After a full day of work either on the job or at home, most parents look forward to an evening with some time to unwind. Yes, there will be dinner and dishes, but if you have children in the mix, you’ll have to add in all that goes along with getting those little ones into bed and keeping them still enough for the sleep dust to take effect.
When we only had two children, things were a little more flexible in our home. In fact, it took us a long time to actually have a set bedtime for our boys. Both my husband and I would focus our efforts after dinner to complete projects, and we would continue in that mode until one of us would notice how late it was. Then we would negotiate about who should be on kid duty that night.
Once we added a few more children to our tribe, we became a little more pointed about establishing habits for the bedtime process so that our night would not be ambushed. Through trial and error, we were able to come up with some guidelines that created less stress for the bedtime routine.
- Watch the daytime schedule. With little ones, you may be setting yourself up for failure if you let your children sleep whenever they want. Depending on your child’s age, need for sleep, and his daytime routine, consider shortening that afternoon nap or at least make sure it’s not extending too close to the dinner hour. When your children don’t nap anymore, just be sure they are getting some outside or active time during the day so they are ready for sleep at a reasonable hour. On the other hand, not giving them naps that they need can also push them past the point and make it difficult to get them to settle down.
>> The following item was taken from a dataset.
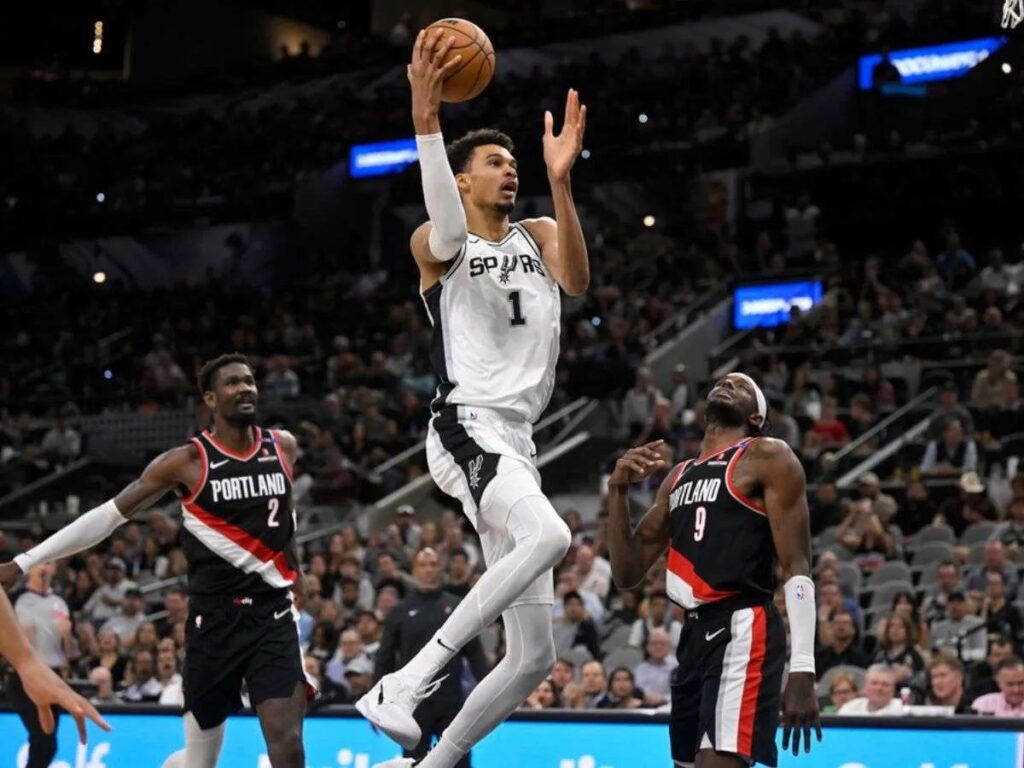 Spurs se sobrepone sin Gregg Popovich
As my daughter-in-law describes it, “Sleep produces sleep.” Don’t be fooled—skipping naps and keeping your kids up later is not going to make them sleep in the next morning! Being short on sleep just makes children tired and less apt to rest. When children are getting enough shut-eye, it makes them sleep sounder.
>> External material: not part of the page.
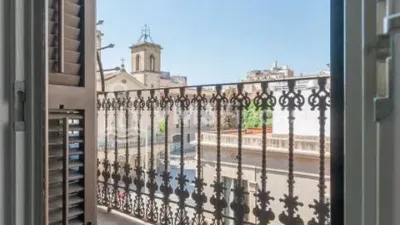 Piso en alquiler en El Raval - Imagen 2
Have a consistent routine. This begins with having a set bedtime that the child is aware of and will not be arguing about every night. Consistency produces security because of the boundary it provides. Start the procedure about thirty minutes before the actual bedtime. Make sure the child has an opportunity to brush his teeth, get a drink, go to the bathroom—all the usual items that if not done beforehand result in “call backs.” There should also be time available for the child to share his day with you, have a simple back rub, and read a story. The more time you use to prepare your child for sleep, the less chance you’ll hear from him after you’ve shut out the lights.
Reinforce the bedtime routine. Especially when children are younger and just becoming acclimated to a bedtime routine (like when they have recently been switched from a crib to a big bed), this is an opportunity to reward them for staying in their bed. Consequences can come later if the rewards are not effective, but start out being positive and recognizing your child’s choice to cooperate with the routine. We like to reinforce when a child has “no call backs” and stays in bed after lights out. Even if a young child cannot understand the logic involved, he will respond to a reward. Recently, we’ve used quarters for emphasizing the importance of our grandchildren staying put after we’ve said goodnight. A quarter or two are set by their bedside, and if we are called back to their room, we take the quarter. A simple plan, but very effective. The same can be used to train them to stay in bed in the morning until Mom or Dad comes to wake them. Quarters, stars, bonus points all are great ways to build motivation for the child to make the right choice.
At the end of the day, having a few minutes to talk undistracted with your spouse can produce many benefits in your marriage. But in order to do that, you’ve got to have a predictable process to putting your children to bed. Follow a few of these hints, and you will find space in your schedule again—some discretionary time which will be a breath of fresh air as well as give you the recharge time that every parent deserves.